To illustrate just how difficult accumulating this Top Albums list was, the final spot, my #20, was the last to be chosen from a shortlist of eleven records I couldn't settle between. That isn't to say that 2008 presented me with the best music I've ever heard, nor that this list was by far the most difficult to concrete (that honour goes to SCQ's Top 50 Songs of 2008). Simply, 2008 was a year of endless discoveries, a few of which have found their way into the SCQ Palace of Acclaim... a place so much cooler than any Hall of Fame.

Although the past few months have delivered albums that made this list especially fun and agonizing to manage, I'm happy to be through with it. With Christmas around the corner and several real-time responsibilities to meet, I can't deny how wonderful it'll be to return to SCQ in the untouched new year when I've nothing to consider but an empty chasm to clutter and decorate with the best that 2009 has in store. I might toss a few new posts in between now and then, but man, is it ever great to end the year where you want to be...

Happy Holidays and Happy New Year!!

Love SCQ.

#20 Album of 2008: Lie Down in the Light - Bonnie "Prince" Billy

Lie Down in the Light

Bonnie “Prince” Billy
Drag City Records.

Everyone knows it: becoming lovingly obsessed with any album boils down to more than the album itself. It’s a matter of time; the timing that sees people and seasons come and go, moods rise and fall, priorities accumulate or decompose. Timing played a definitive role in my introduction to Lie Down in the Light, the latest from the prolific Will Oldham that struck deep in my travel-weary bones.

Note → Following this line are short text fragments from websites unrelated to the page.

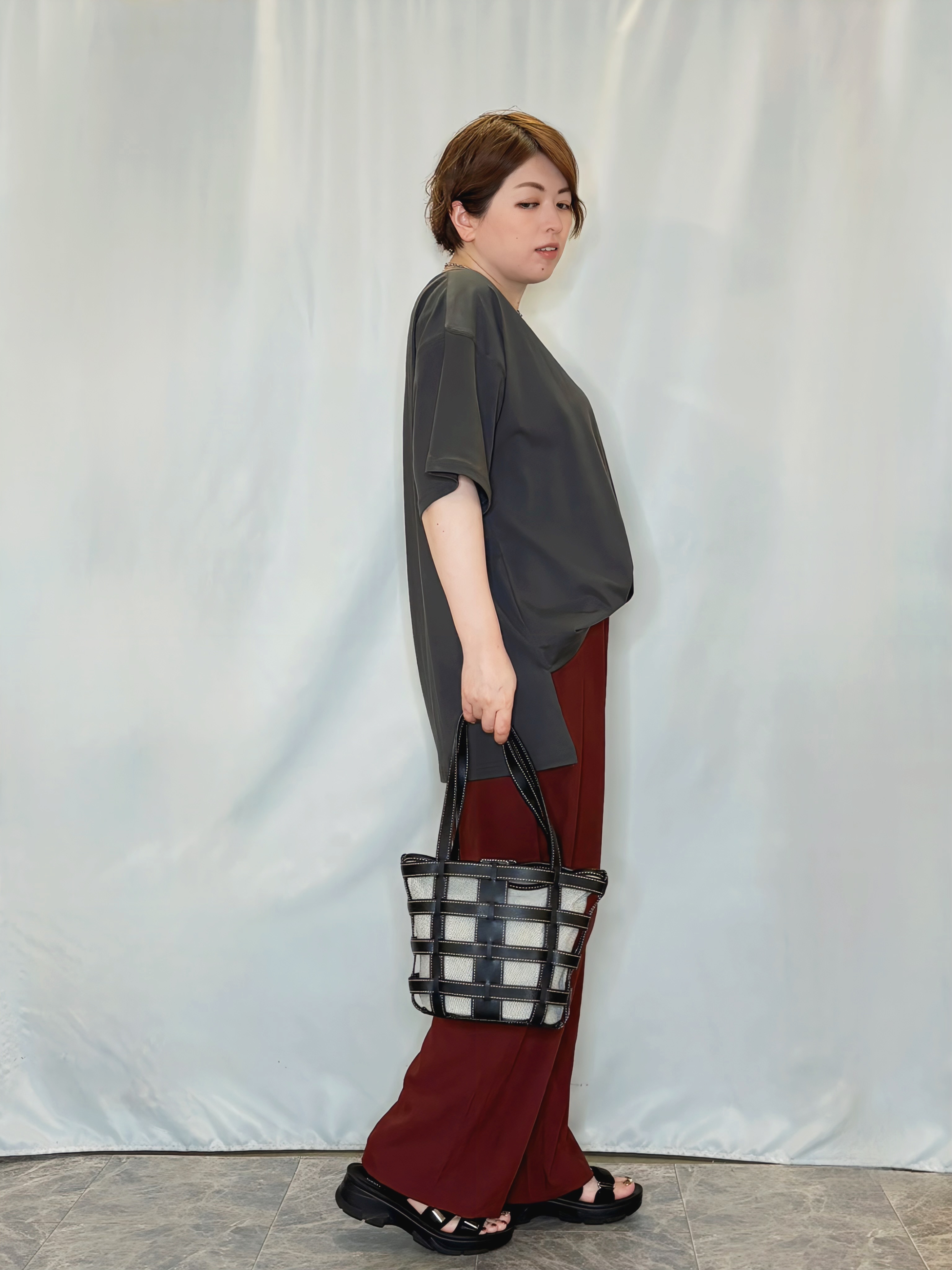 たみさんの「SHOO･LA･RUE｜【体型カバー】ゆるっとBIGアソートTシャツ」を使ったコーディネート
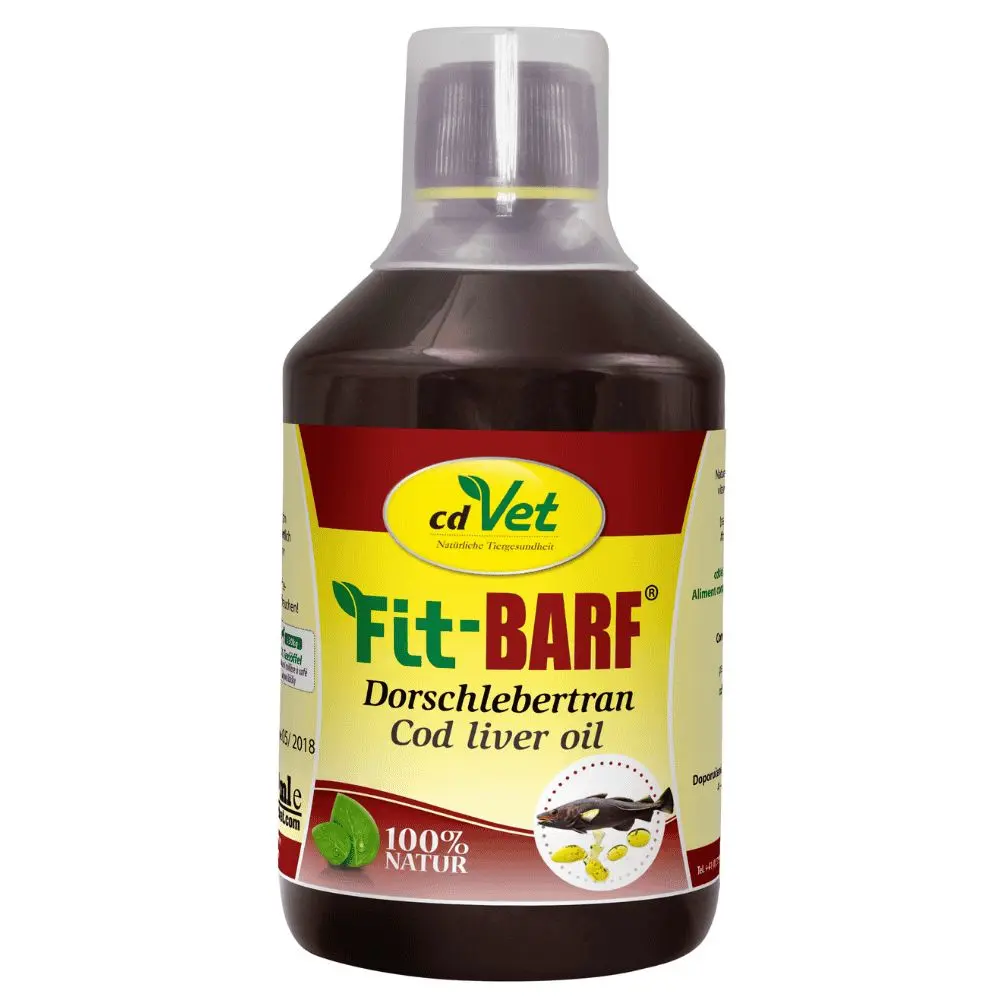 Dorschlebertran für Hunde und Katzen 500 ml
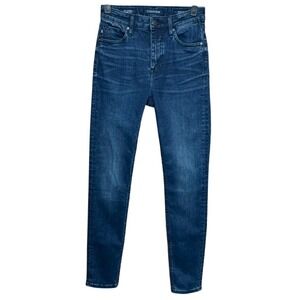 VIGOSS The Jagger High Rise Skinny Jeans Womens Size 25 Blue Dark Wash Whiskered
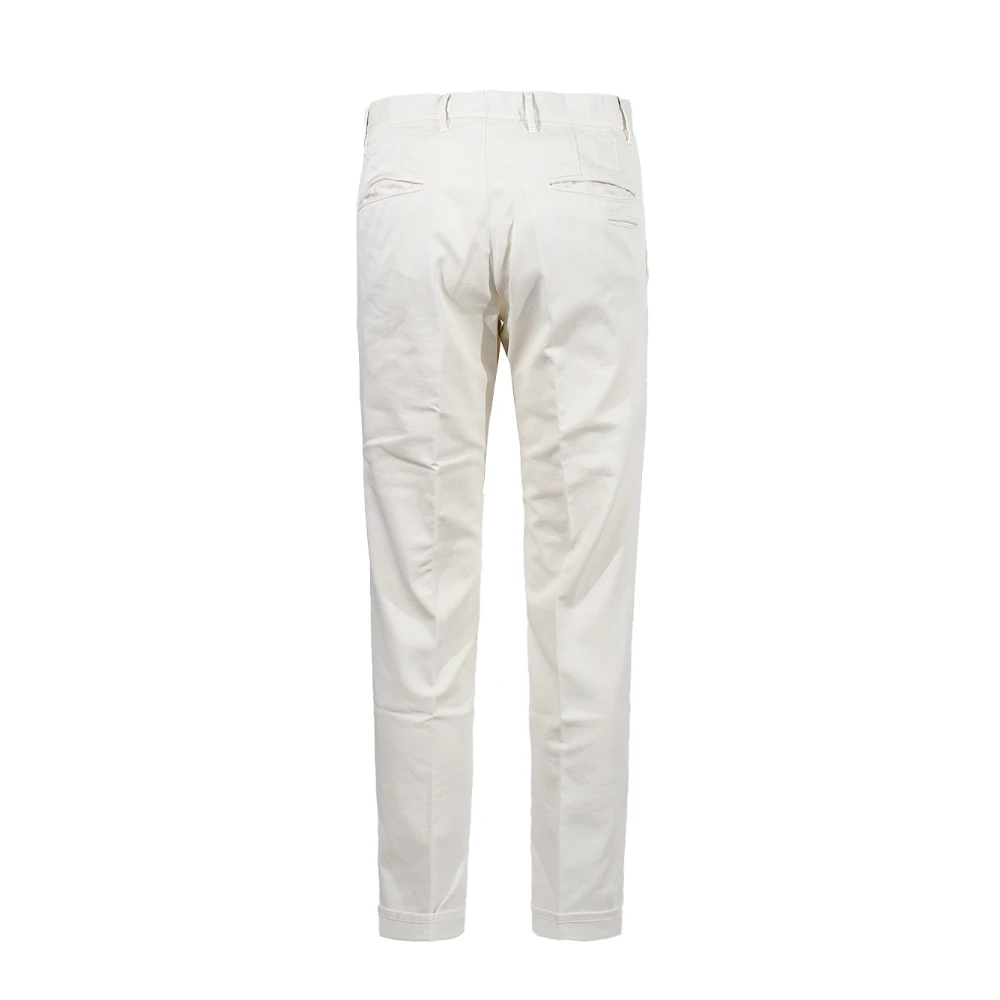 Incotex Witte katoenen broek gemaakt in Italië White Heren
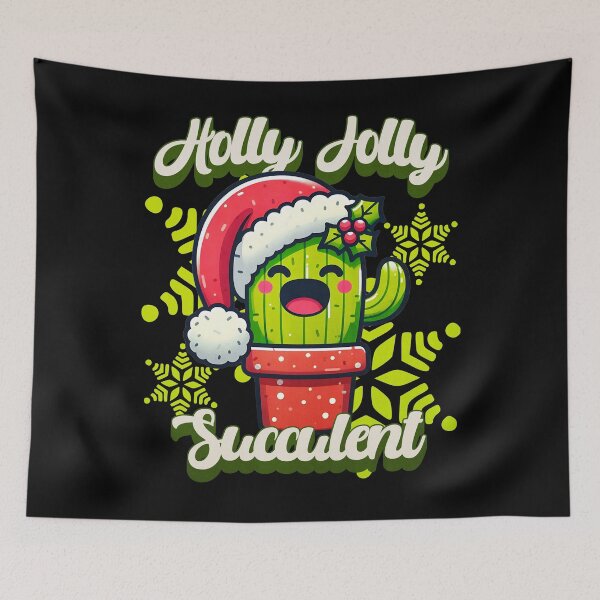 Item preview, SUCULENTA ALEGRE Y DIVERTIDA, CACTUS CON SOMBRERO DE PAPÁ NOEL designed and sold by justyna-s28.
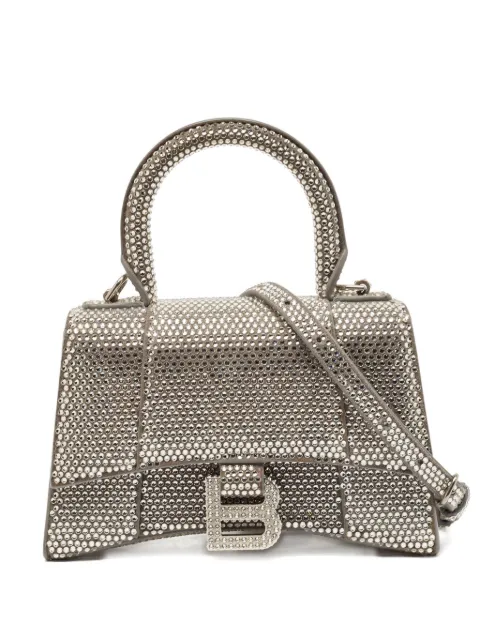 Balenciaga Pre-Owned small Hourglass crystal-embellished tote bag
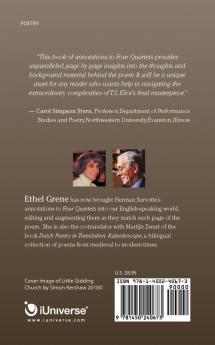 Annotations to T.S. Eliot's Four Quartets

I’d landed in Boston, stripped of an Asian summer’s humidity and longing for subtlety or English street-names. I found myself wide awake on cold farmhouse floorboards in the twilight hours, hearing silence and recalling ghosts fulfilling their workdays on the other side of the globe. Despite the jetlag, my head was clearer than ever and once-scattered priorities now seemed simple and clear. Such quaint notions of friends and family became revelatory; themes that link the buoyant and beautiful Lie Down in the Light. It’s Oldham at his metaphysical best, weaving between the sunlight and shadows of rural existence, and thanks to some perfect timing, among my favourite albums of 2008.

#19 Album of 2008: Cardinology - Ryan Adams & the Cardinals


Ryan Adams & the Cardinals
Lost Highway Records.

Linking Ryan Adams records is like playing catalog-hopscotch; Love is Hell is a ghostly companion to Heartbreaker, Jacksonville City Nights is a return to former-Whiskeytown-glories, 29 is the ghostlier companion to Love is Hell, etc., etc. Well, save the overreaching this time around. Cardinology sounds like it could’ve been recorded the same day as Follow the Lights EP; the album’s production is right off the floor, the compositions streamlined and economic in length. It’s to the credit of Adams catalog that our expectations are so high, and while Cardinology won’t be competing with his best work, it’s an addictive classic-rock record, with enough country-hues and melancholic tinges to keep fans happy.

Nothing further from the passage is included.